In the US, we are partnering with one of the largest pension fund managers to provide a single platform for securities lending, repo and over-the-counter (OTC) and listed derivatives collateral management as well as providing the calculations and market data for the cleared and bilateral initial margin requirements. The availability of a comprehensive solution from a single partner was key to our client and an example of how the breadth and depth of FIS’ capabilities create added value.

What types of market participants does your solution suite service?

Our securities finance suite combines the capabilities of our individual solutions within securities finance and collateral to cover every aspect of the securities finance industry: all transaction types and asset classes along every step of the transaction chain.
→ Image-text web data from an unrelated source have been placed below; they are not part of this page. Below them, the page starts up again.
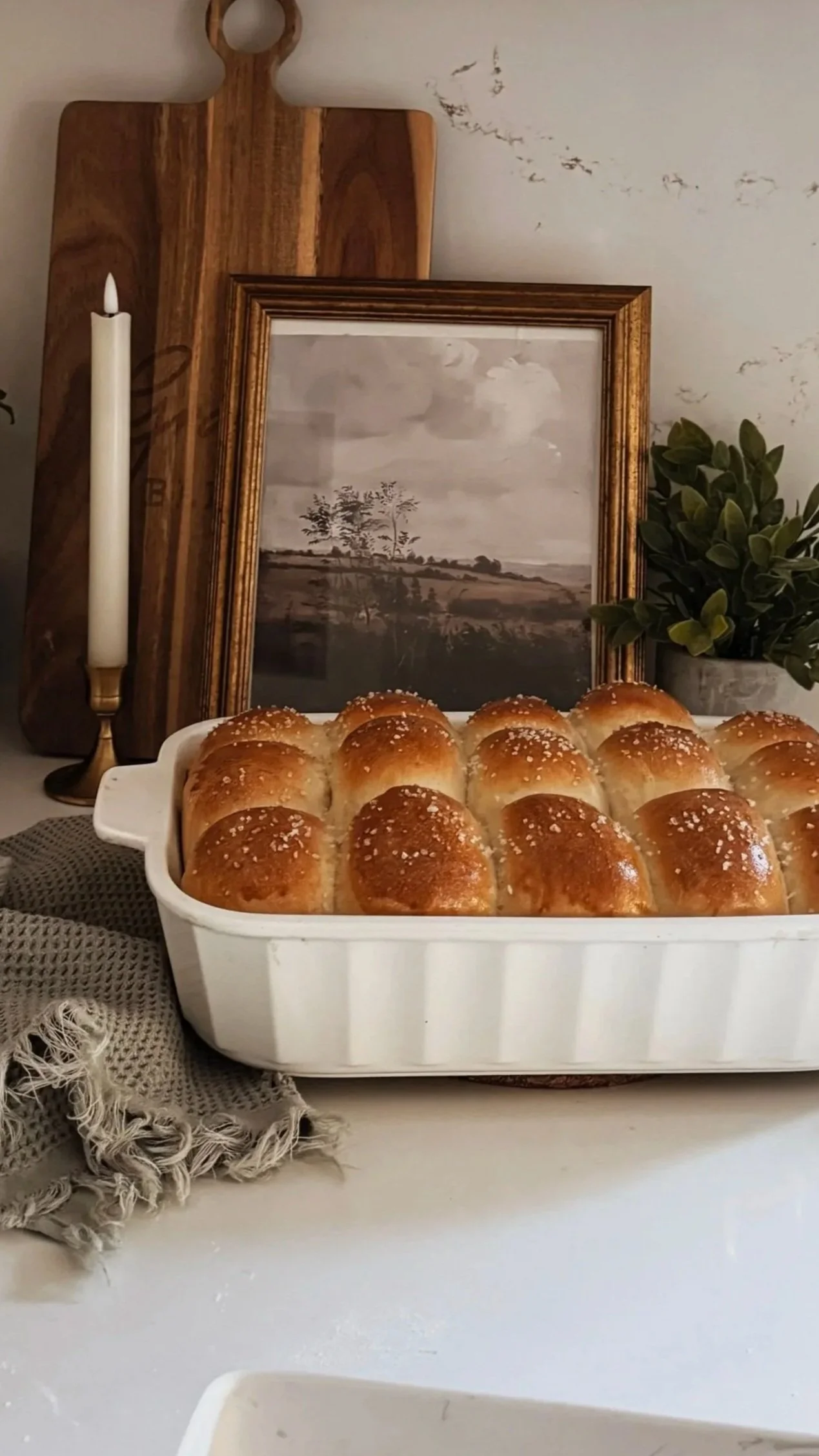 Easy Homemade Dinner Buns 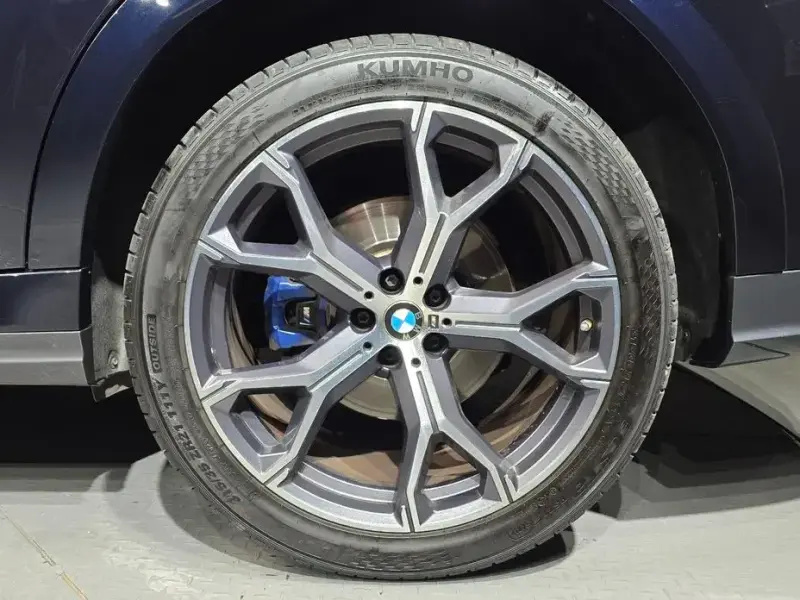 2022 BMW X6 с пробегом 46 696 км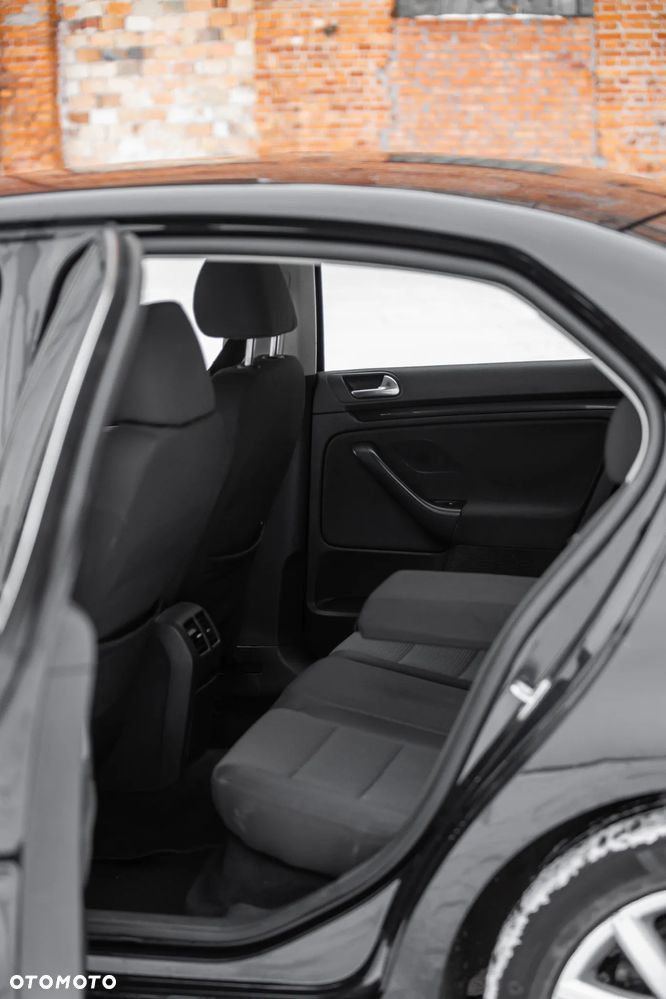 Volkswagen Jetta 1.6 TDI Highline - 21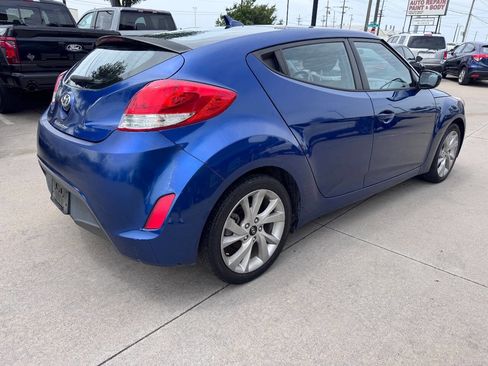 Used 2016 Hyundai Veloster FWD image 8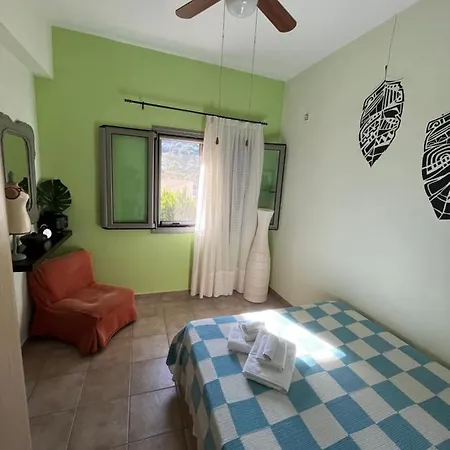 Nikolis Apartment *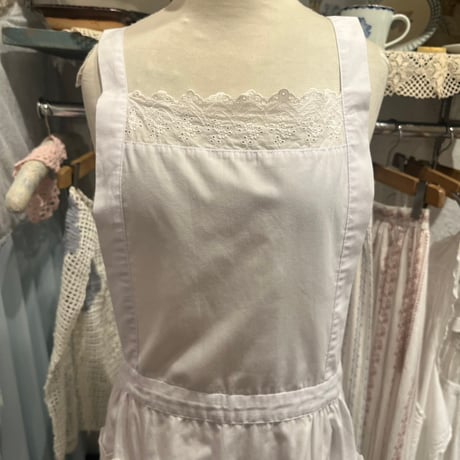 apron 685[ge34]
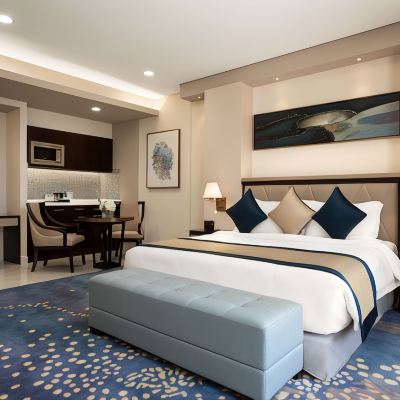 Accessible Deluxe King Room Non Smoking Wyndham Garden Manama Promo Code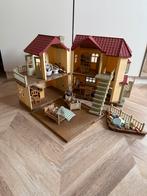 Sylvanian huis, met inboedel en konijnen familie, Kinderen en Baby's, Speelgoed | Poppenhuizen, Ophalen, Zo goed als nieuw, Poppenhuis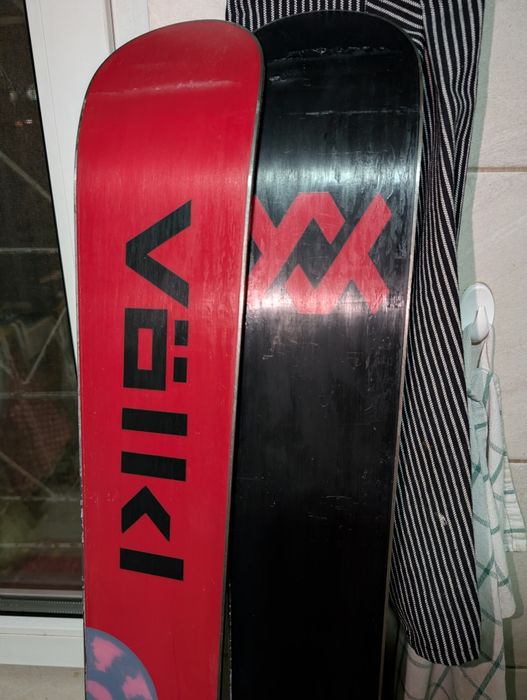 Schiuri Volkl Revolt 95 165cm Freeride Freestyle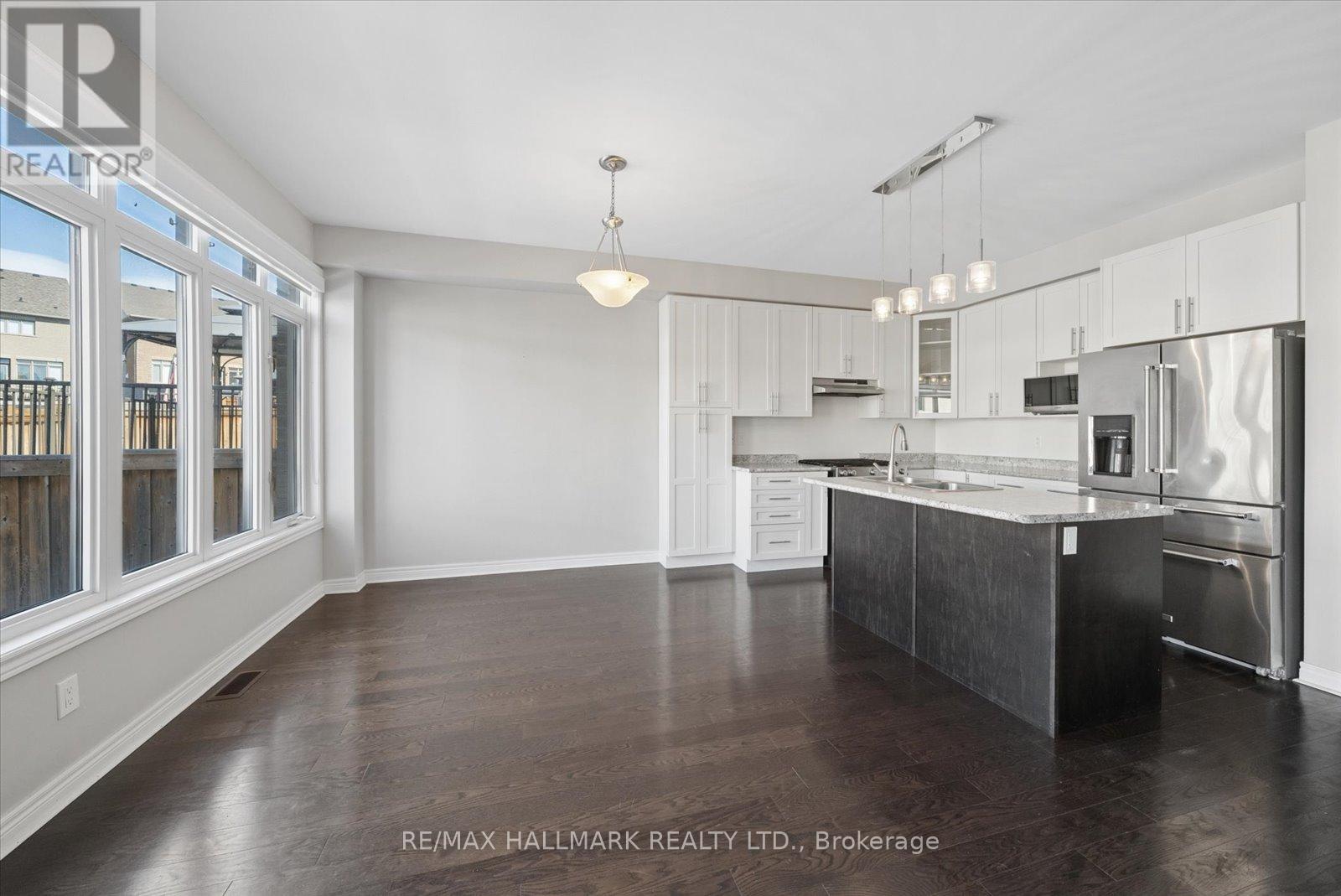 72 Treetops Boulevard, New Tecumseth, Ontario  L9R 0L9 - Photo 11 - N12874054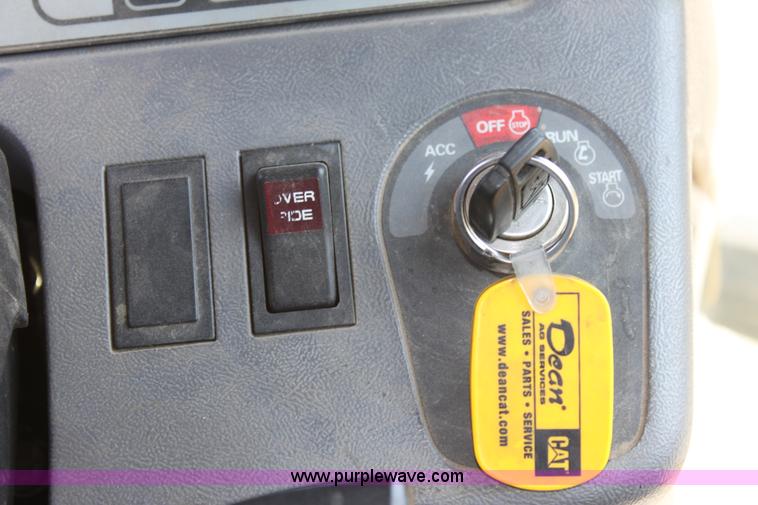 image for item A3738 1995 Caterpillar Challenger CH45 tractor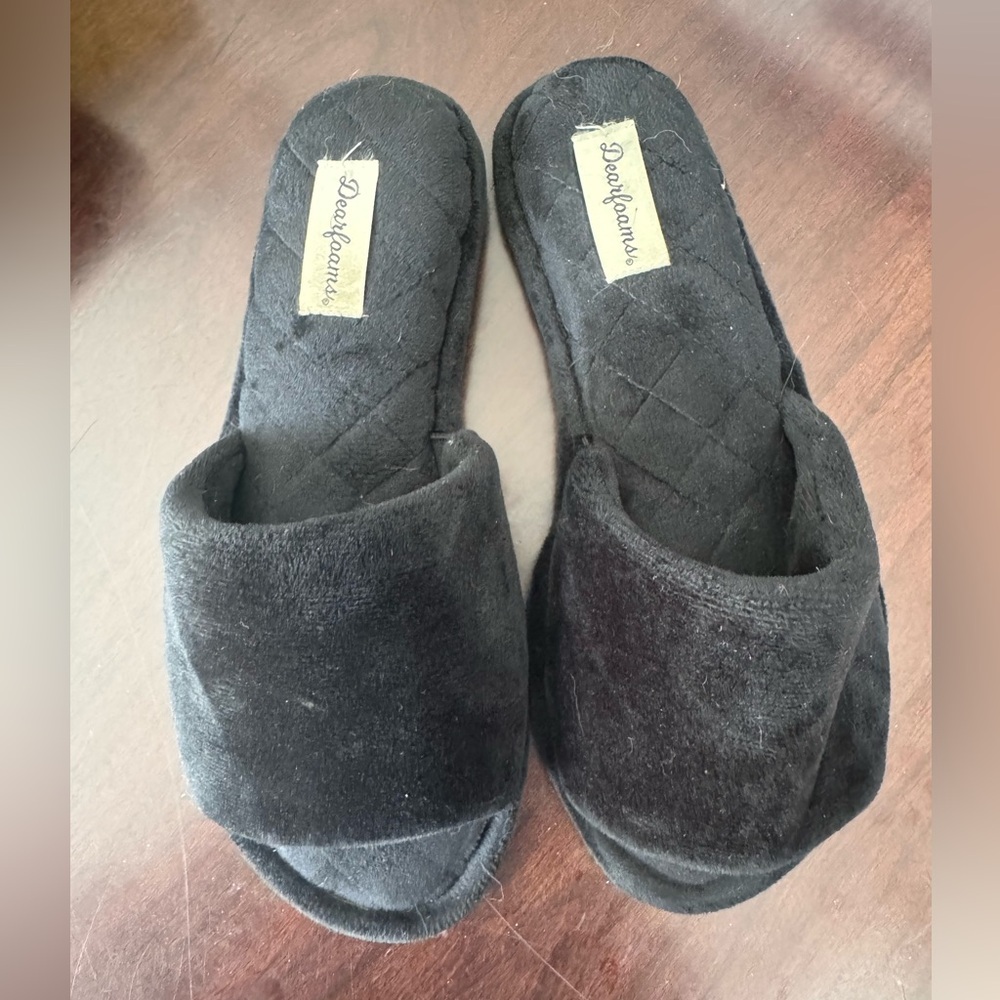 Dearfoams Black Memory Foam Open-Toe Plush Slippers. Size 7-8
The suite is designed to support the full spectrum of institutions that are active in the securities finance and collateral market: sell-side and buy-side, borrowers and lenders.

However, not every organisation needs the entire suite, so we have created powerful combinations of tools and services to satisfy enterprise-wide demands. For example, servicing the critical need to combine the collateral requirements of your OTC derivatives business with your securities finance programs. During a recent FIS webinar poll, 87 percent of organisations already have or are planning to connect these segments, making better use of their assets to meet their liabilities.

How important is market data in the effectiveness of the FIS suite?

I have been in the securities finance industry for many years and many aspects of it are unrecognisable from when I started out. The importance of intraday market data and associated trade analytics is just one of those significant changes that have helped the market develop and become more profitable. The industry has also made significant advances in technological capabilities and the automation of manual processes, which were required to manage the expansion of our business, both in terms of volume and complexity.

The management of the vast quantities of data that’s now available has also demanded serious innovation to ensure that data is turned into actionable information. FIS has long been a leader in this space and is bringing new solutions to market this year with the latest version of Astec Analytics Lending Pit.

However, the real advantages are created when actionable information is brought into the center of the user’s workflow. This is where the integration of market data and AI leverage supports automated trading, marking and optimisation. Doing more with less has been a mandate for the securities finance industry for some time; automation supported by intraday data is a key part of responding to that pressure.